Encourage your students to be reflective thinkers and check for comprehension with interactive notebooks. Divide a simple composition book into two sides: ask your students to complete any assignments on the right side. On the left, leave room for your students to show their understanding of any new material (and the corresponding assignment on the right side) by exploring connections. Periodically check the notebooks for understanding (and a letter grade, if you wish) and adapt accordingly.

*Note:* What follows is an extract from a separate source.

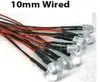 10mm 따뜻한 흰색 260000mcd Ledprewired LED 12VDC 50 PCS Long Life 좋은 품질 1332784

Kahoot! is a game-based learning platform that kids love. It’s part game show, part video game, and encourages a lively, friendly sense of competition. Set up a quick game of 10 questions to check for understanding and gather data on what’s working from your lesson plan. Even your most reticent students will participate.
Pair up and talk it out.
Have your students find a partner to discuss the lesson and take turns being the “teacher.” While they’re talking, walk around the room and listen in to see if they have a clear understanding of the critical points of the day’s lesson. If students appear not to have a firm grasp on the main points, talk it out with the whole class. Only one or two students who need assistance? Address them individually at an appropriate time.
At the end of class, encourage students to write what they learned on a whiteboard. This is a great way to review all of the material at once, and students can work together to write things on the board. You can also see which students are struggling and might need some extra help. Once your students are finished, go over the information on the board as a class and correct any misinformation or resolve any misunderstandings.
Keep any quizzes simple and broad: one or two questions at the most related to the crucial points of the lesson. Take it a step further and have students pair off in small groups to discuss their answers or alternatively, have them drop their answers in a box at the end of class, and let the results determine the course of your next lesson.
Turn the tables
Challenge your students to test you on the material by instructing them to create their own quiz relevant to your lesson. Naturally, students will be set on stumping their teacher, so the more difficult or complex the question, the higher the level of understanding!
Exit slips are like a pop quiz without the “pop” and the pressure. At the end of class, ask your students to write down a few main ideas from the day’s lesson and any questions they may have about it. On their way out have them drop their slips in a box. Before next class, open it up to measure their understanding.
Give students time to reflect
Some students might not immediately articulate what they’ve gleaned from a lesson, so instead of checking for it right away in class, give students time to reflect. Assign homework for later that night that specifically checks for understanding. Often, this extra time between class and when they sit down to do their homework may be all your students need for the day’s lesson to finally click.